占星术因其借由天象,能够预测人世间的事物,与天命王权息息相关。正统观的论述也围绕天命王权展开。对正统观有所论述者往往也对占星术有所关注。分析诸家在论述三国正统观时对占星术的处理,不仅可得见各家的主观意图、立场,而且能够认识占星术在不同时代的不同内涵。

占星术; 正统观; 《三国志》; 《三国演义》; 《汉晋春秋》

一、引言

正统之说,由来已久。前有欧氏之《正统论》,后有梁氏之《新史学》。诸家之论,自有依据,不甚相同,正统之论堪称文学、史学上又一聚讼。诸家在彼此立论批驳的过程中,面对不同的朝代更迭情况,给出了不同的定义,因此有正统、闰位、伪僭种种说法,各家又在此基础上条分缕析,展开论述。在历代正统争辩中,尤以三国时期正统之争、论家论述最多。诚如梁启超在其《新史学》中说:“自古正统之争,莫多于蜀魏问题。”[1]23陈寿《三国志》以魏为正统,习凿齿《汉晋春秋》则以蜀为正统,司马光《资治通鉴》以魏为正统,朱熹《通鉴纲目》又以蜀为正统,毛本《三国演义》以蜀汉为正统。以上所举仅是诸家论述中最有代表性的,无论是著者还是著作在中国文学、史学中地位突出,其对正统的论述具有代表性,对后世影响也最大。
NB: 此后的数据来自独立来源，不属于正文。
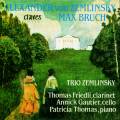 Zemlinsky, Bruch : Pices et trios pour clarinette, violoncelle et piano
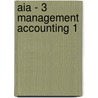 Aia - 3 Management Accounting 1 by Bpp Learning Media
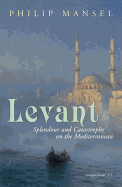Levant: Splendour and Catastrophe on the Mediterr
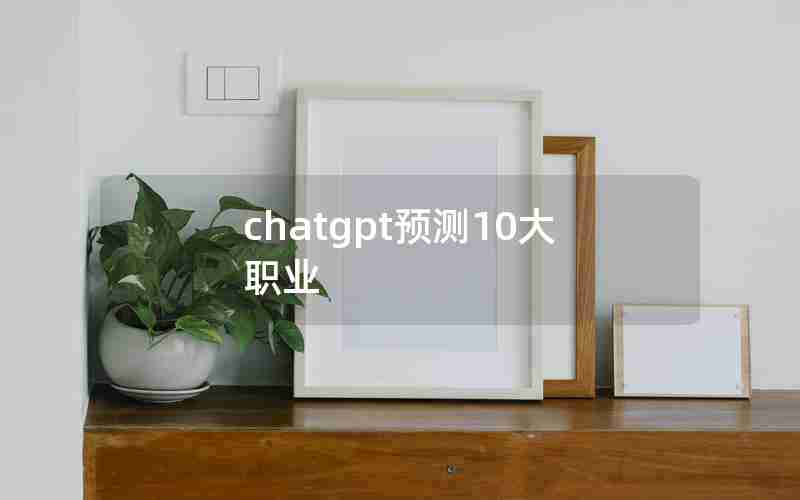 chatgpt预测10大职业 chatgpt预测10大职业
占星术通过观察天象变化,对人世事物作出推测。“天”信仰观念的形成在中国商周时期已有之,其后历朝历代帝王都以天子自居,承“天命”而有天下,治理天下。《史记·张耳陈馀列传》:“汉王之入关,五星聚东井。东井者,秦分也,先至必霸”[2],汉之承天命,应天象而有天下。《汉书·郊祀志》谓:“帝王之事,莫大乎承天之序。”[3]因此,中国古代社会任一时期的统治者都要通过“天命”来证明其王朝统治的合理性、合法性和权威性。由此占星术的社会地位得以凸显,占星术不仅为历代官方所垄断,而且与社会政治的关系十分密切。国家一统时期,对于祥瑞的天象变化,统治者往往大肆宣扬,粉饰太平,以表明其统治的合理性;对于违常的天象则会作出积极的反思和预防。在易代之际,占星术则被郑重地加以利用,新起的政治势力运用天象来证明天命的转移,新的天命在己,在《三国志》中便有因天象而起事者,“正元二年正月,有彗星数十丈,西北竟天,起于吴、楚之分。俭、钦喜,以为己祥。遂矫太后诏,罪状大将军司马景王,移诸郡国,举兵反”[4]763。总之,占星术因对天象的观测而与天命王权政治息息相关。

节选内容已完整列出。